31 Jan 2025

A Community Data Lab (CDL) wishlist

The ARDC is holding an event on 18 February to begin shaping the next phase of the Community Data Lab. If you’re interested in the development of digital tools and resources to support HASS research, I’d suggest you go along.

I worked on the first phase of the Community Data Lab, developing the Trove Data Guide amongst other things. I’m very keen to see the CDL expand, working with researchers to create new possibilities for digital research, particularly using the rich collections of the GLAM sector (galleries, libraries, archives, and museums). As planning gets underway for the next phase of the CDL, I thought I’d pull together some rough ideas about what the CDL might be and might do. The ARDC needs co-investment in its projects, so new initiatives have to have some form of institutional support to become part of the CDL. Nonetheless, I think it’s useful to continue to think more broadly about HASS research infrastructure needs and possibilities – both long-term requirements and short-term interventions.

Extending co-design throughout the life of the CDL

Currently CDL co-design processes are focused on the initial design phase of a project and are structured around a plan developed from the institutional partners' interests and priorities. It can be difficult to relate specific research tasks and needs to these larger-scale initiatives. How can co-design processes be embedded in a project’s ongoing development?

One possibility is that CDL projects could have shortish development cycles with co-design processes before each cycle to refine the scope and priorities. This would increase opportunities for community participation and feedback, but the process would still be focused on the needs of the project rather than the needs of researchers.
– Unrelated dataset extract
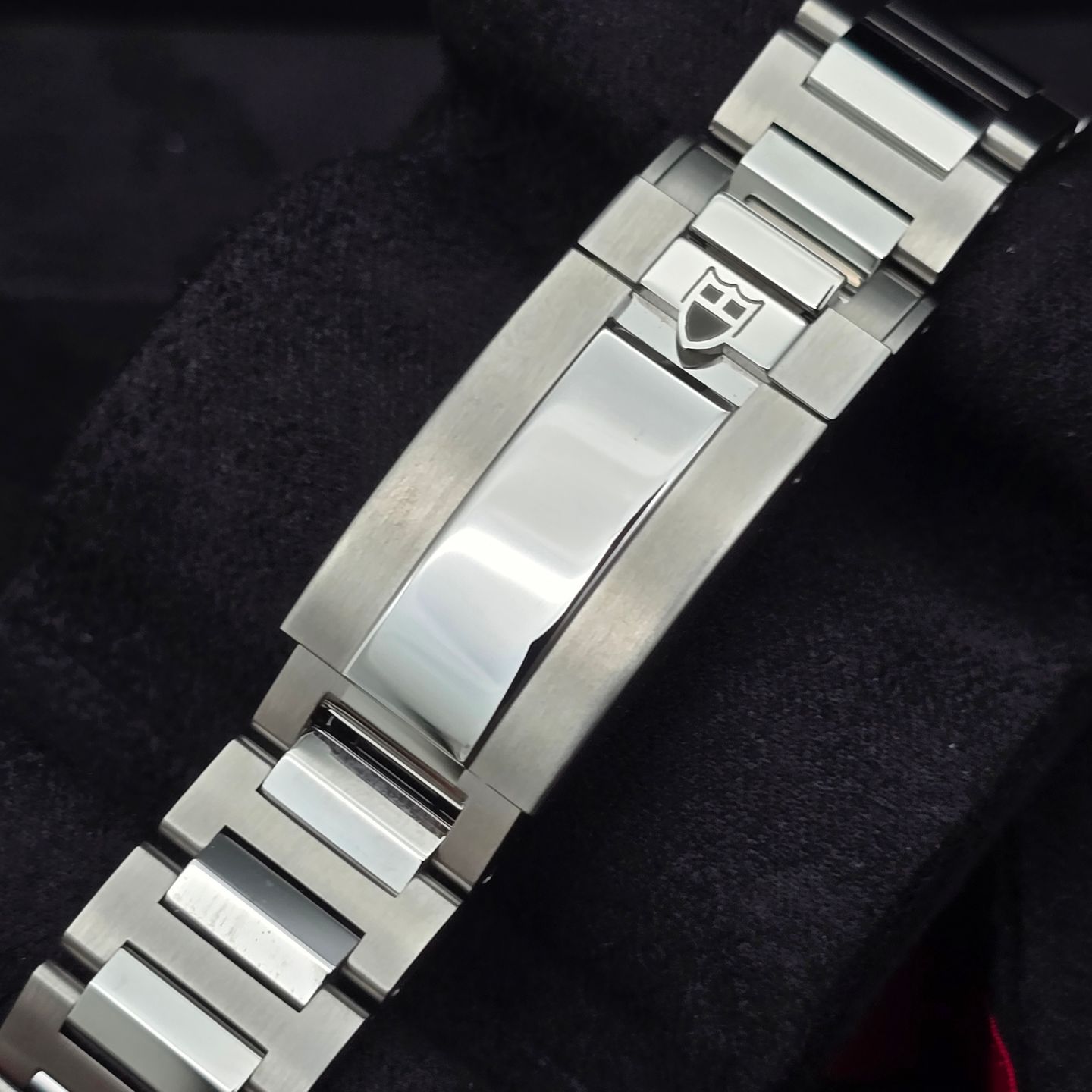 Tudor Monarch M2639W1A0U-0001 (2026) - Champagne dial 39 mm Steel case (7/8)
I’d like to see an alternative (or additional) component that operates like a CDL ‘help desk’ or ‘triage’ service. For example:

a researcher outlines a specific problem or need
if useful tools/datasets/documentation already exist, CDL project staff point the researcher towards them
if there’s nothing to meet this specific need, some basic analysis is done to see where it might fit in the CDL universe and how much work might be required
for small-scale solutions within current capacities, simply create the new resource (eg. a piece of documentation, a single notebook, a slice of an existing dataset)
for larger-scale solutions, document the gap/need to feed into future CDL design processes
add all of the information – problem, requirements, solution – to a searchable knowledgebase
the knowledgebase should allow user comments/links and voting on unsolved problems to help identify future priorities

Some of the advantages to this approach would be:

direct engagement with CDL at any time when the researcher identifies a specific problem, not when allowed by the CDL’s co-design timetable and framework
recognises that many problems can be solved with existing tools and resources, both inside and outside of the CDL
encourages direct researcher engagement through the knowledgebase, bringing in broader community perspectives and suggestions, as well as information about related projects and tools
helps to put the ‘community’ in Community Data Lab

Connecting things up

There’s a lot of work to be done connecting up existing tools and data sources. This requires a combination of documentation and the development of small-scale tools or plugins to transform and move data as required. This sort of work fills in the gaps of existing research infrastructures helping to ensure that best use is made of existing investments, and encouraging re-use and collaboration instead of duplication or reinvention. It could be integrated with the ‘help desk’ function described above.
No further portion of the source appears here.